• Extracted material:
....

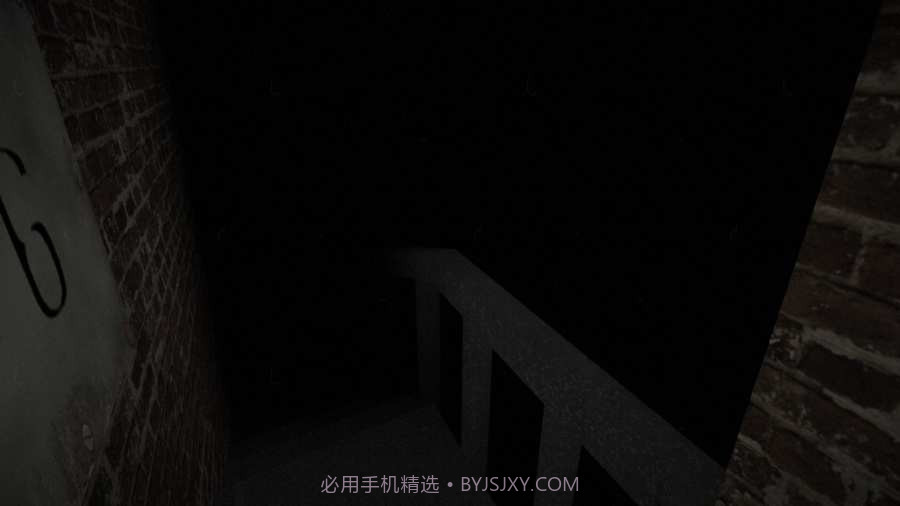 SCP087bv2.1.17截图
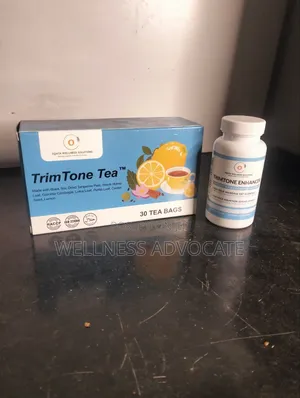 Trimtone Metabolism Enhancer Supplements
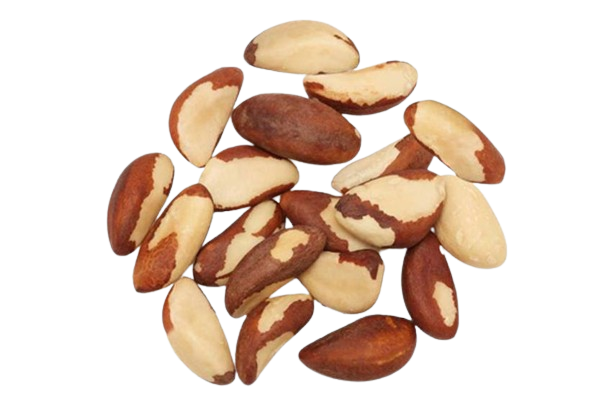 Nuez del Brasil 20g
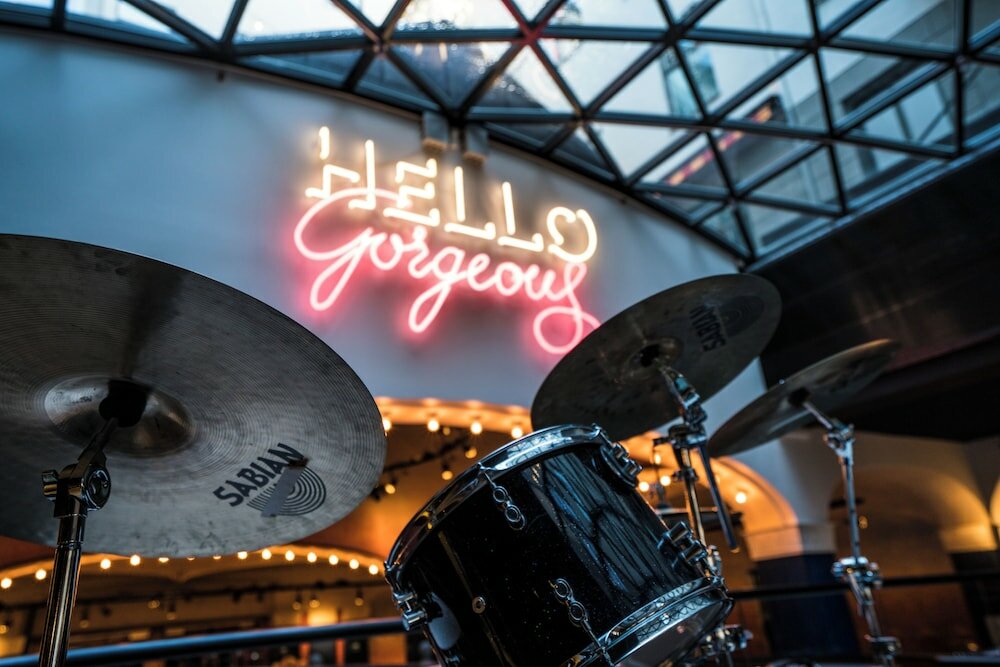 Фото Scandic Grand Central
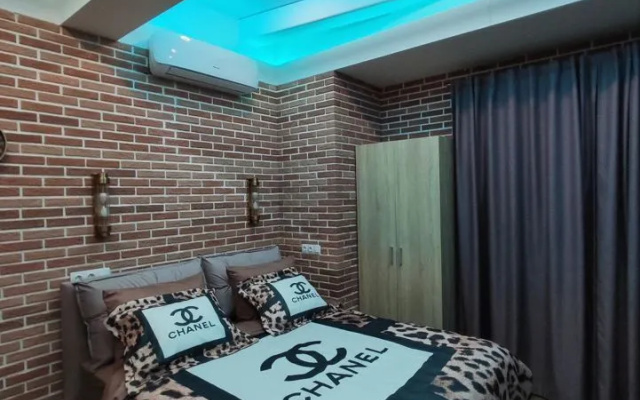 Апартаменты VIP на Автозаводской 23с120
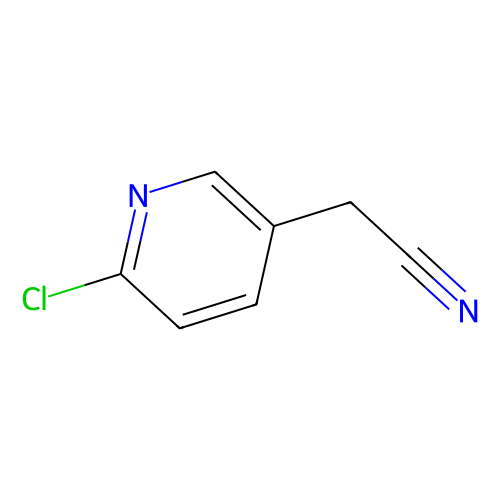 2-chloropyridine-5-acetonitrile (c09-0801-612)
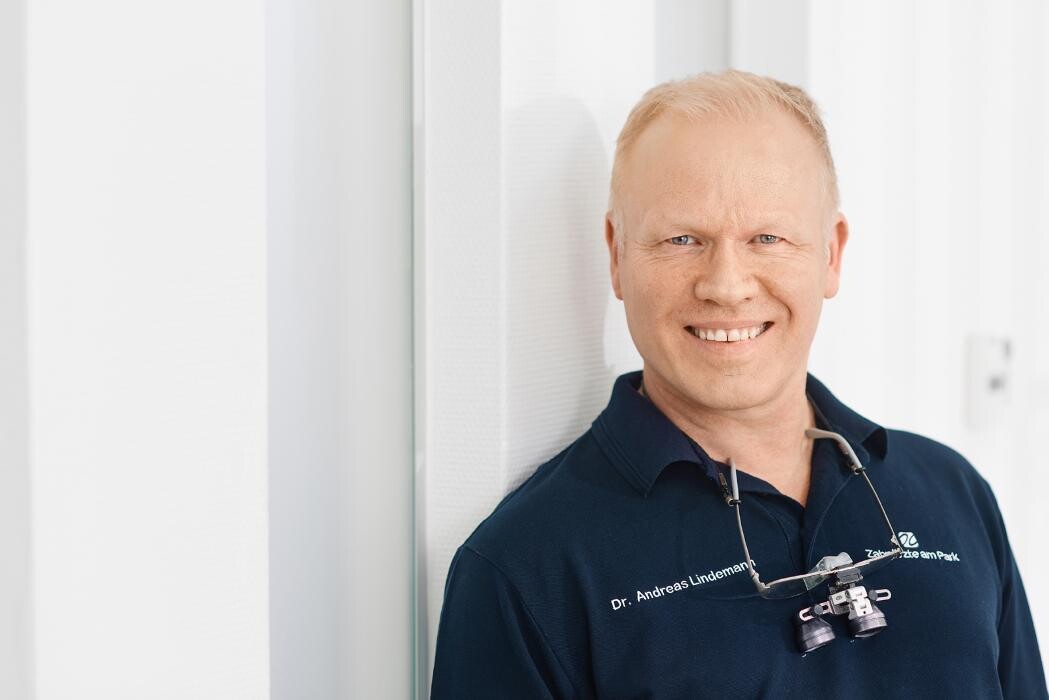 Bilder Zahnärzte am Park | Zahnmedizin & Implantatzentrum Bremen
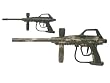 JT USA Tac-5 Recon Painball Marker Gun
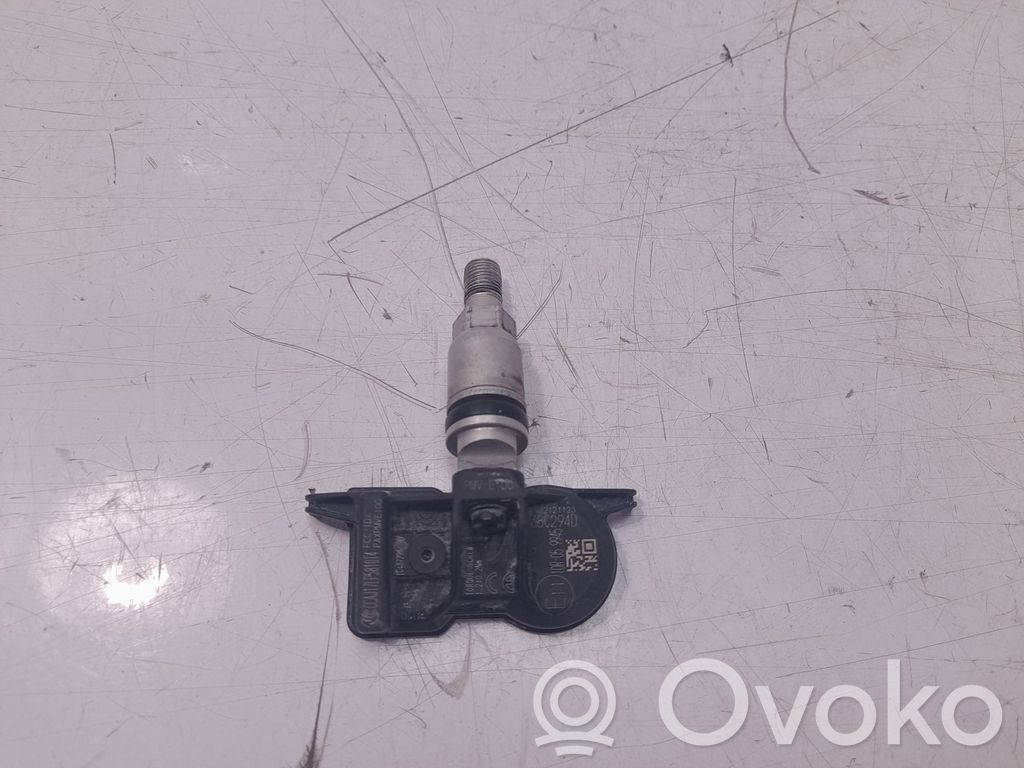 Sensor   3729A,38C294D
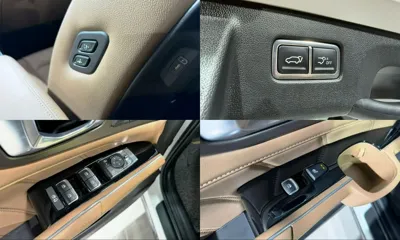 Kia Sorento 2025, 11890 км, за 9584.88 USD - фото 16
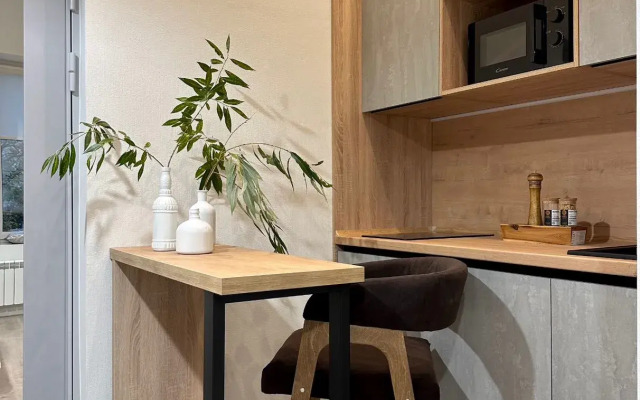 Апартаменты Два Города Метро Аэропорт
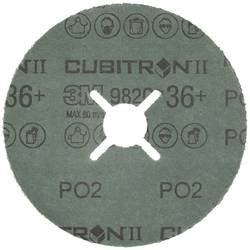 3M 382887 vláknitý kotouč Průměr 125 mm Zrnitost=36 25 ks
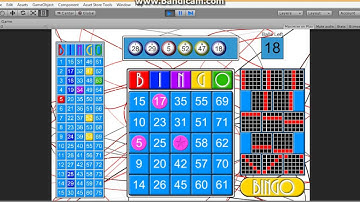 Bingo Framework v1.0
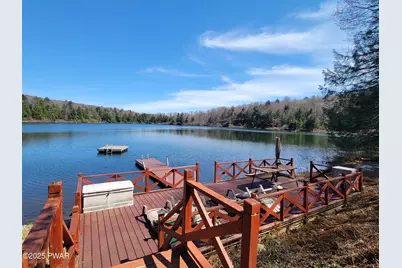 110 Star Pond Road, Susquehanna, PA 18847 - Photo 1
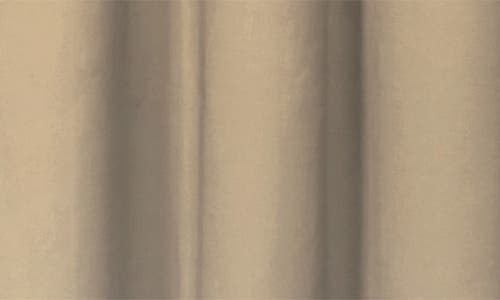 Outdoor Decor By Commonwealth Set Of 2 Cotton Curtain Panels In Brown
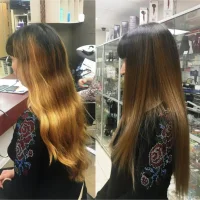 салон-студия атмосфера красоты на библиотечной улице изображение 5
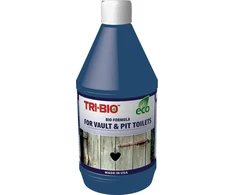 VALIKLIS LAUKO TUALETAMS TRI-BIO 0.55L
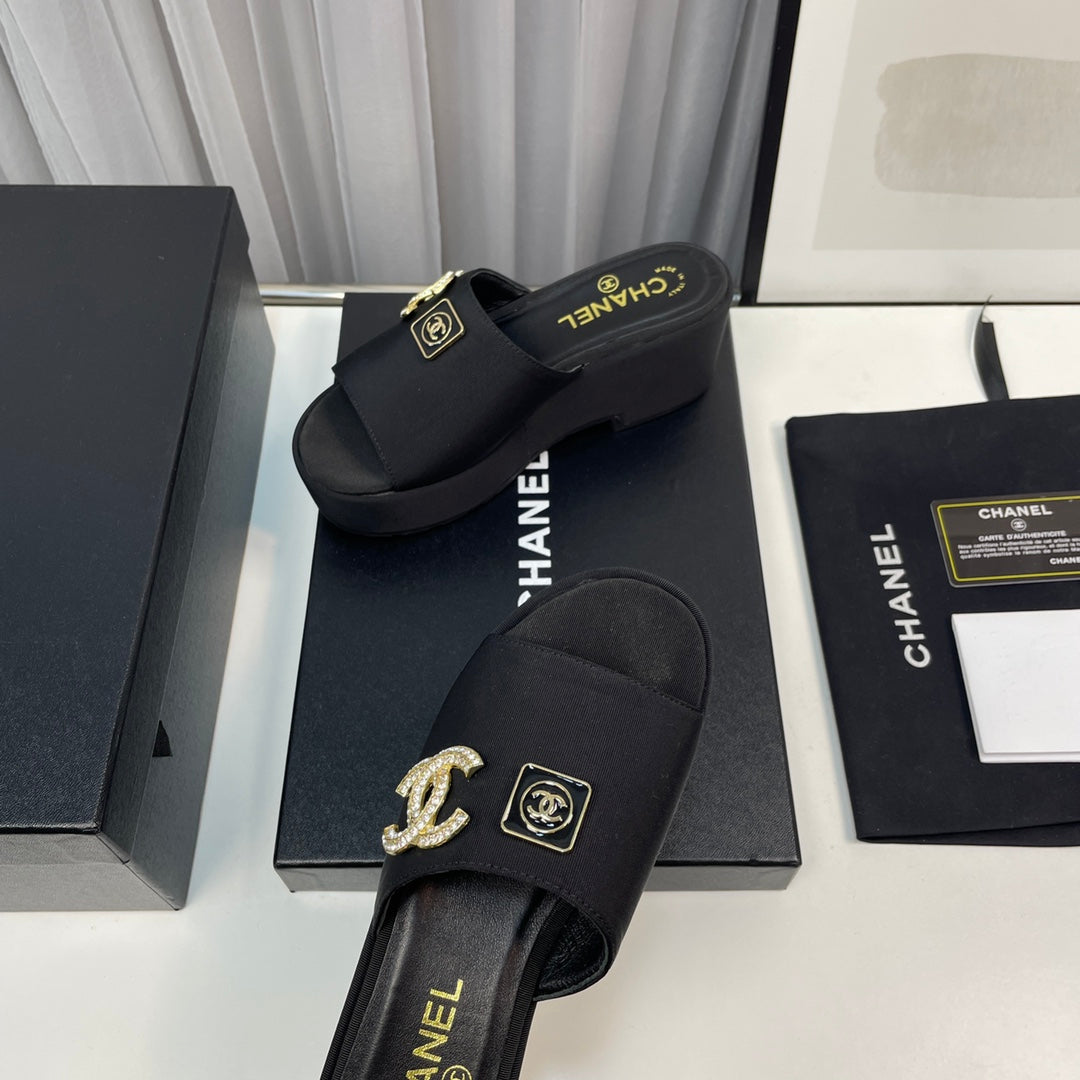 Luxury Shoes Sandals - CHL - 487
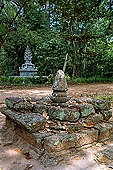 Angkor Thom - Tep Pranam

....

• Your assignment: Word for word, repeat the material above and drop the pictures.

• Exercise solution:
 SCP087bv2.1.17截图
 Trimtone Metabolism Enhancer Supplements
 Nuez del Brasil 20g
 Фото Scandic Grand Central
 Апартаменты VIP на Автозаводской 23с120
 2-chloropyridine-5-acetonitrile (c09-0801-612)
 Bilder Zahnärzte am Park | Zahnmedizin & Implantatzentrum Bremen
 JT USA Tac-5 Recon Painball Marker Gun
 Sensor   3729A,38C294D
 Kia Sorento 2025, 11890 км, за 9584.88 USD - фото 16
 Апартаменты Два Города Метро Аэропорт
 3M 382887 vláknitý kotouč Průměr 125 mm Zrnitost=36 25 ks
 Bingo Framework v1.0
 110 Star Pond Road, Susquehanna, PA 18847 - Photo 1
 Outdoor Decor By Commonwealth Set Of 2 Cotton Curtain Panels In Brown
 салон-студия атмосфера красоты на библиотечной улице изображение 5
 VALIKLIS LAUKO TUALETAMS TRI-BIO 0.55L
 Luxury Shoes Sandals - CHL - 487
 Angkor Thom - Tep Pranam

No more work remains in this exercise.